> Your task: In the material below, find the line with "Allen Iverson Autographed" and the line with "Automatic chicken coop". Output exactly those two lines and all lines between them, leaving out pictures.

> Records to process:
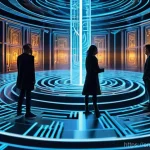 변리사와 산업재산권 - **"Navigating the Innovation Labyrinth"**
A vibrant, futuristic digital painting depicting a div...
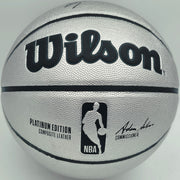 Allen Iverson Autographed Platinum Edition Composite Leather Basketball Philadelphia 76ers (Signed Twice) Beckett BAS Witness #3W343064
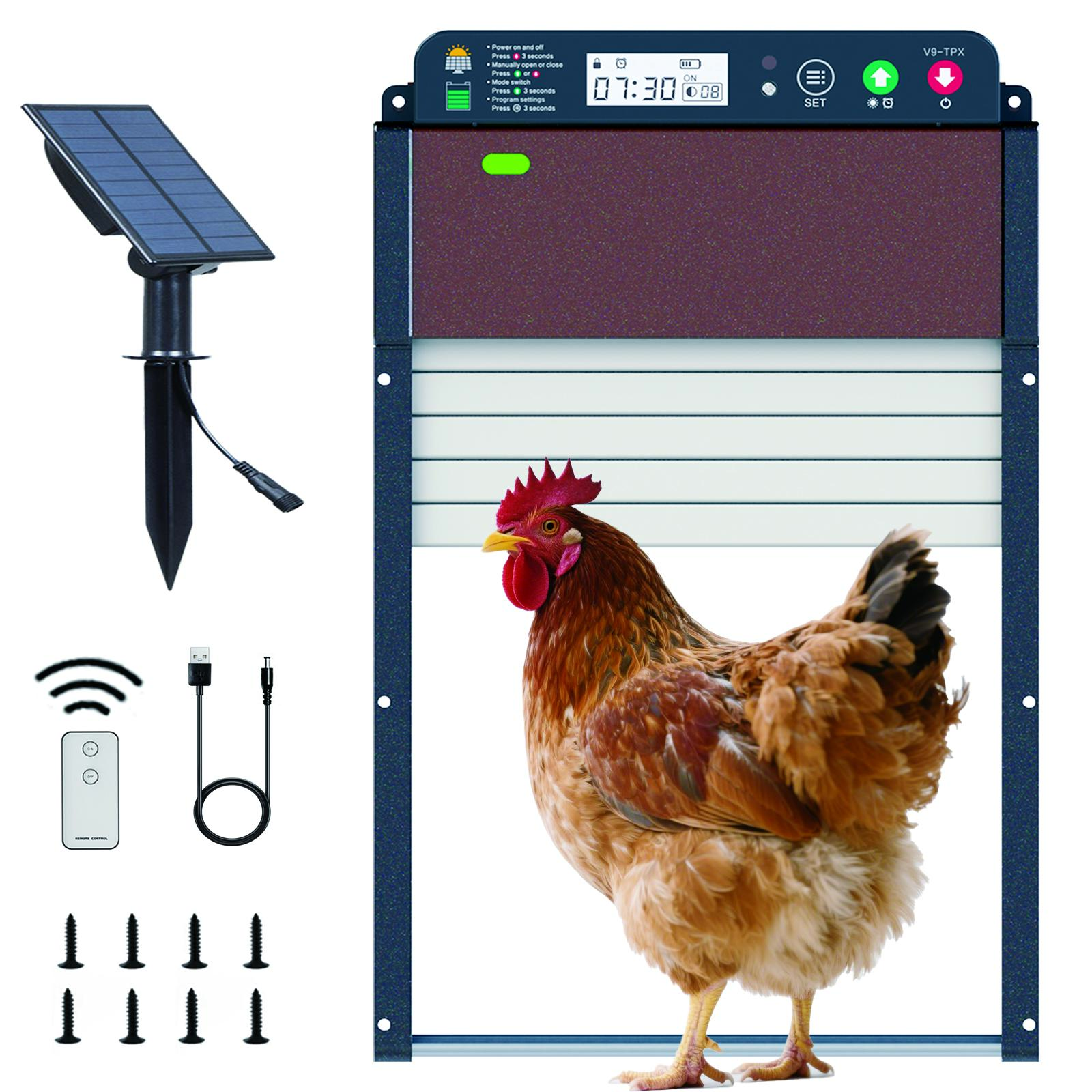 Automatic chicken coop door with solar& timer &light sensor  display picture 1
...
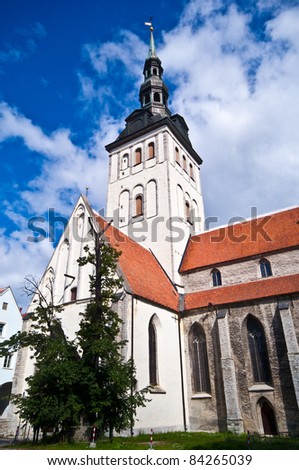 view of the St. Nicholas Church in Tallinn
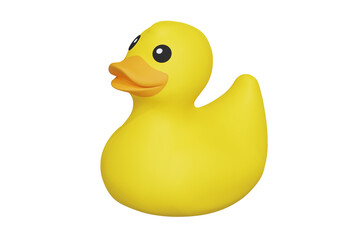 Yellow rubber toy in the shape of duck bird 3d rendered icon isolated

> Task output:
 Allen Iverson Autographed Platinum Edition Composite Leather Basketball Philadelphia 76ers (Signed Twice) Beckett BAS Witness #3W343064
 Automatic chicken coop door with solar& timer &light sensor  display picture 1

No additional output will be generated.